■ WORK ORDER:
The line containing "Richard Allan Silk Scarf - Picture 4 of 4" marks the end; return exactly every line from the start of the records up to and including it, but no pictures.

[RECORDS FOR THIS TASK Boundary: Start]

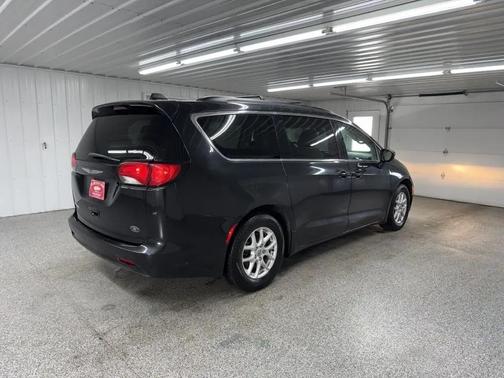 2021 Chrysler Voyager LXI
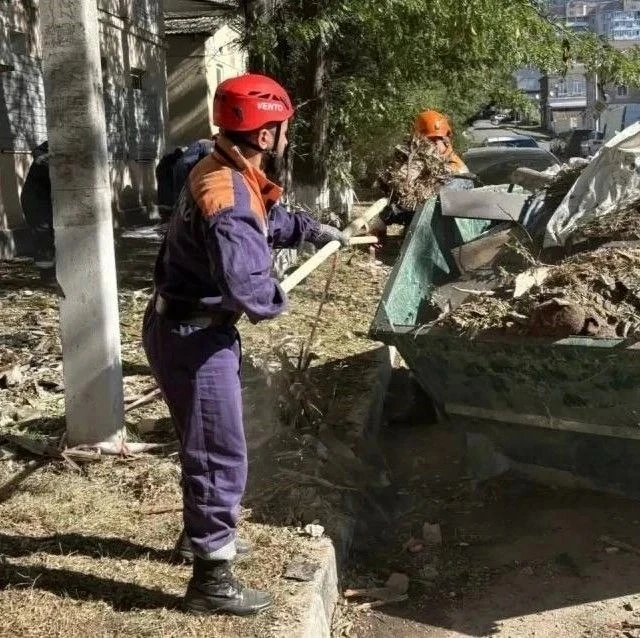 В Новороссийске, по данным оперативного штаба, повреждения получили 576 квартир и 76 ча...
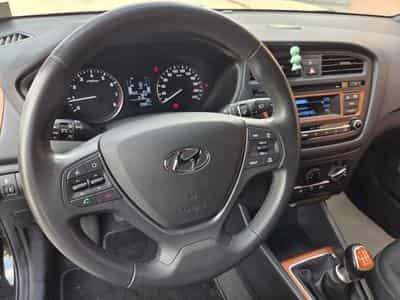 Hyundai i20 Coupé Sport 120 CV Garantie 12 Mois (2017) - Photo 15
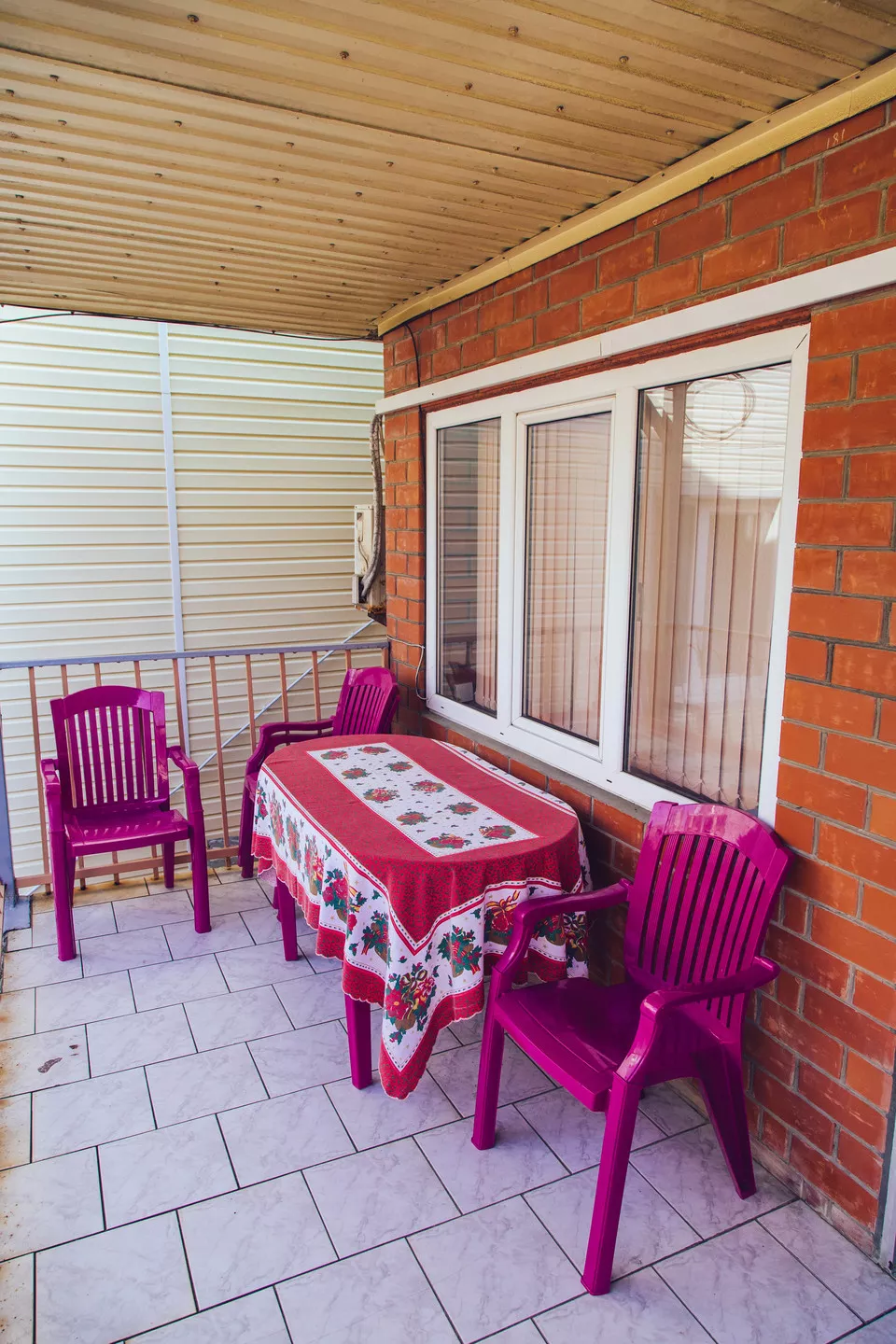 . Гостевой дом "Морской Бриз" - Небуг. Небуг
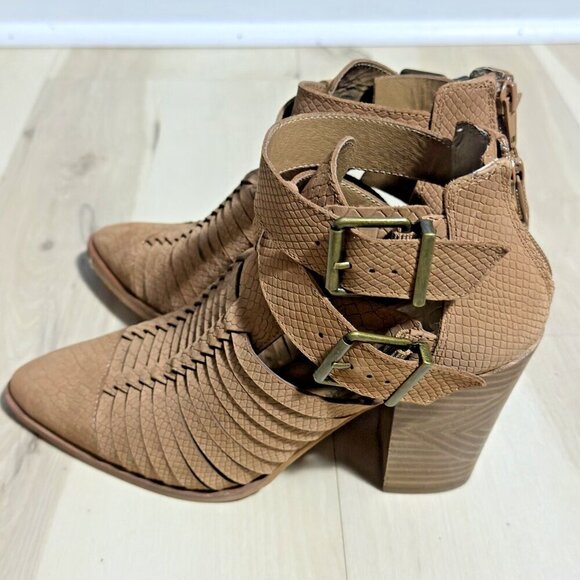 Gianni Bini Wrapped-Up Leather Cut Out Booties Sz 8 casual - Picture 3 of 7
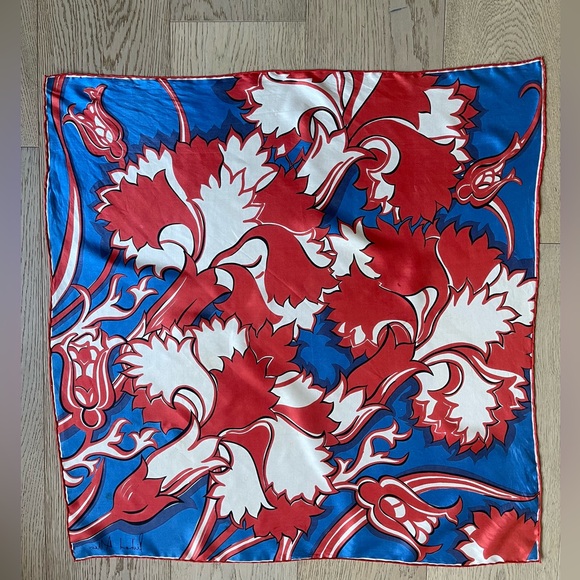 Richard Allan Silk Scarf - Picture 4 of 4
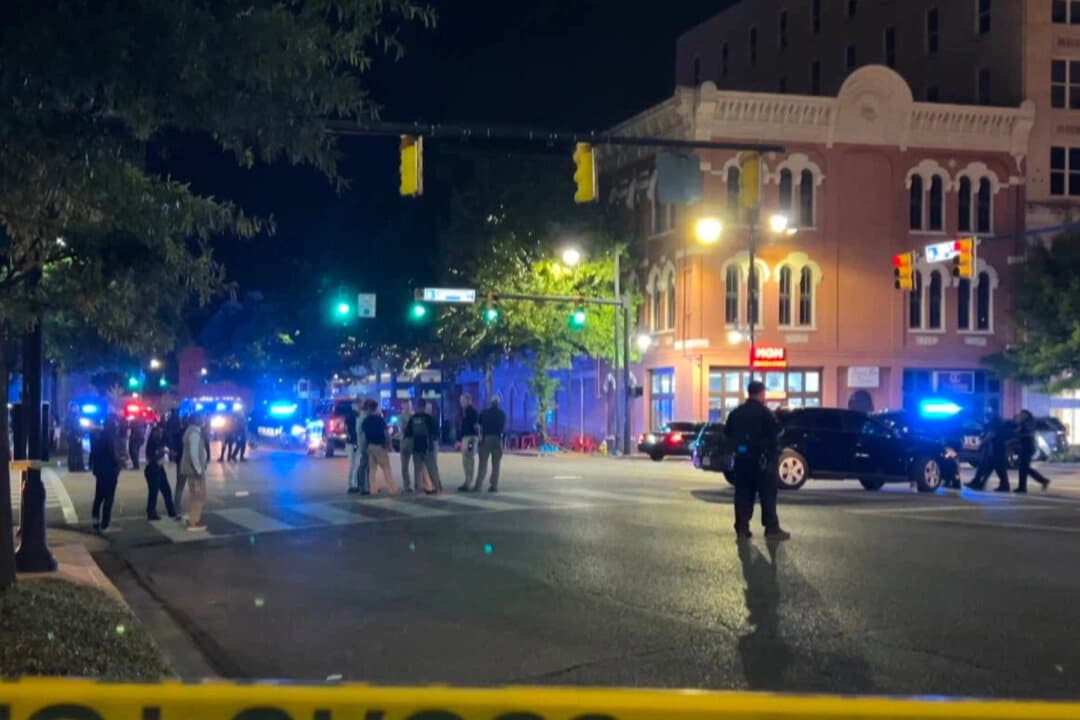 La escena tras el tiroteo en el centro de Montgomery, Alabama, el 5 de octubre de 2025, en una imagen fija del vídeo. (WSFA vía AP)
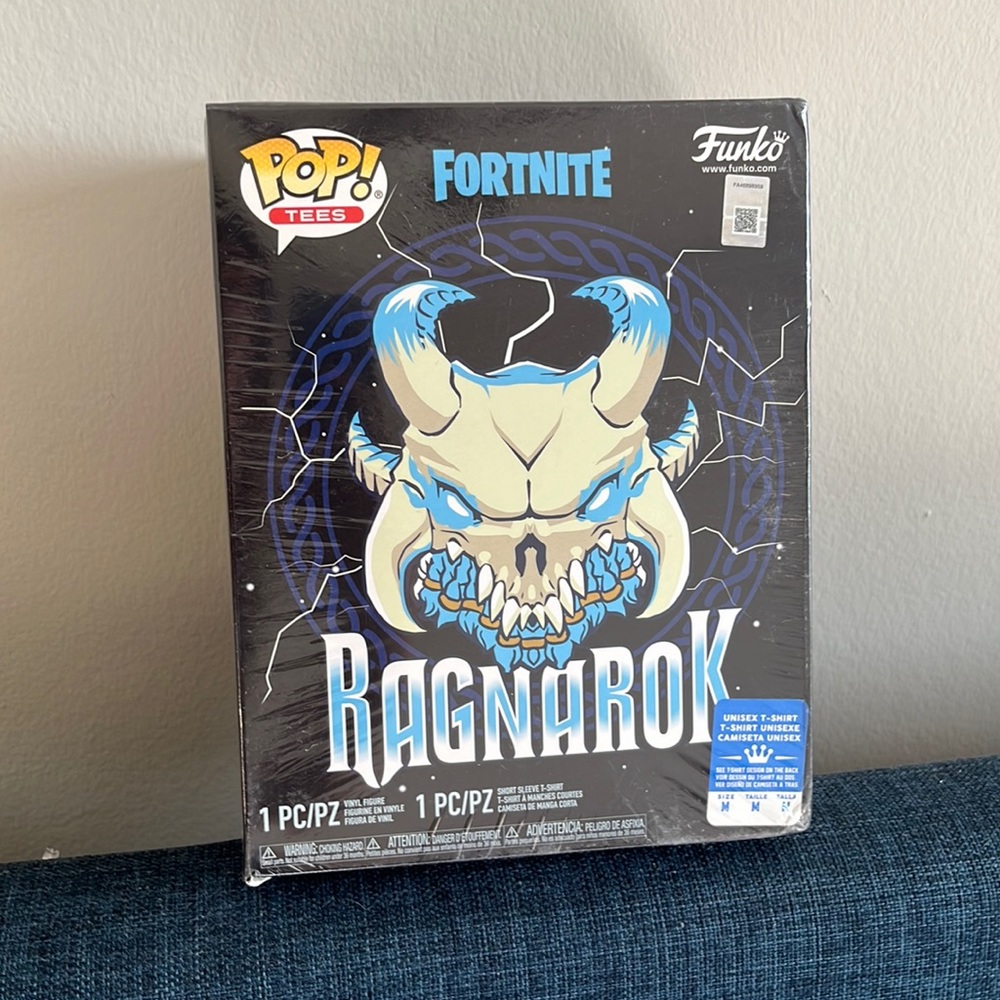 NWT Funko Ragnarok Unisex T-shirt and Vinyl Figure Fortnite Pop & Tee Size M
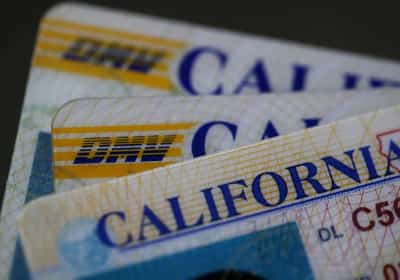 עשרות אלפי מהגרים תובעים את משרד הרישוי של קליפורניה בשל ביטול הרישיון המסחרי שלהם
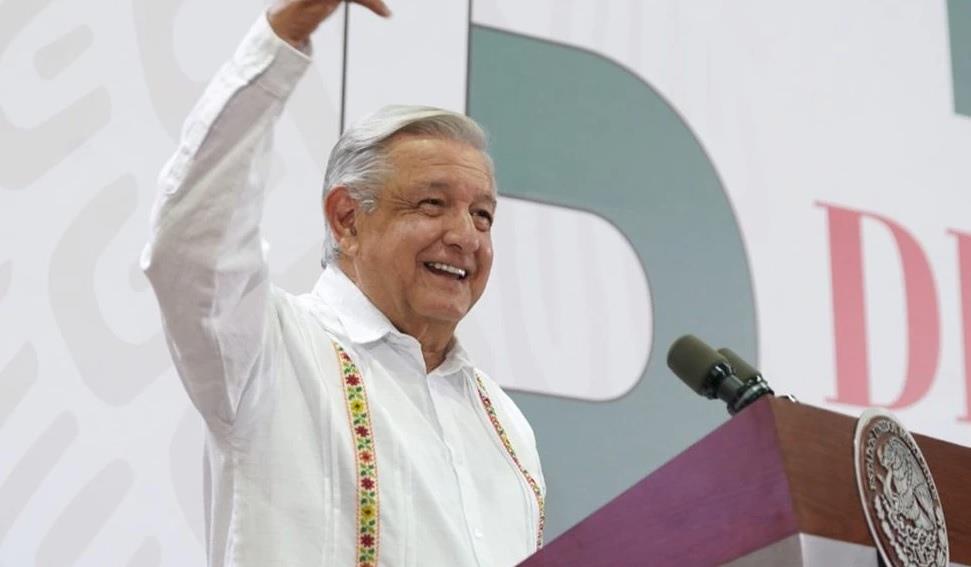 AMLO presume reducción de la pobreza y la desigualdad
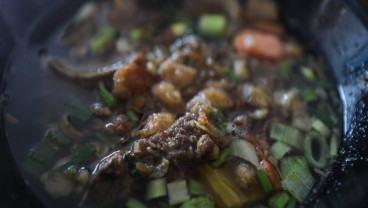 Rekomendasi Makanan Khas Purwakarta Soto Sadang di Tol Jakarta-Cikampek
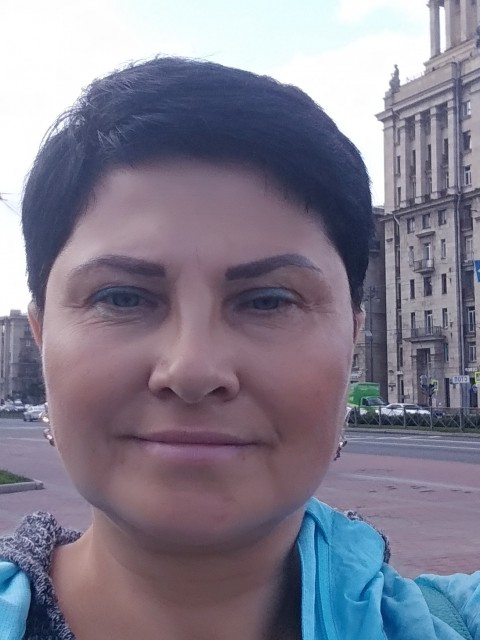 Ирина, Россия, Санкт-Петербург, 56 лет. Надеюсь, что прикольная дама, люблю шить, готовить, делаю кукол для кукольного театра, люблю театр, 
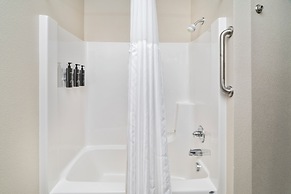 Park Point Marina Inn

[RECORDS FOR THIS TASK Boundary: End]

■ FINAL ANSWER:
 2021 Chrysler Voyager LXI
 В Новороссийске, по данным оперативного штаба, повреждения получили 576 квартир и 76 ча...
 Hyundai i20 Coupé Sport 120 CV Garantie 12 Mois (2017) - Photo 15
 . Гостевой дом "Морской Бриз" - Небуг. Небуг
 Gianni Bini Wrapped-Up Leather Cut Out Booties Sz 8 casual - Picture 3 of 7
 Richard Allan Silk Scarf - Picture 4 of 4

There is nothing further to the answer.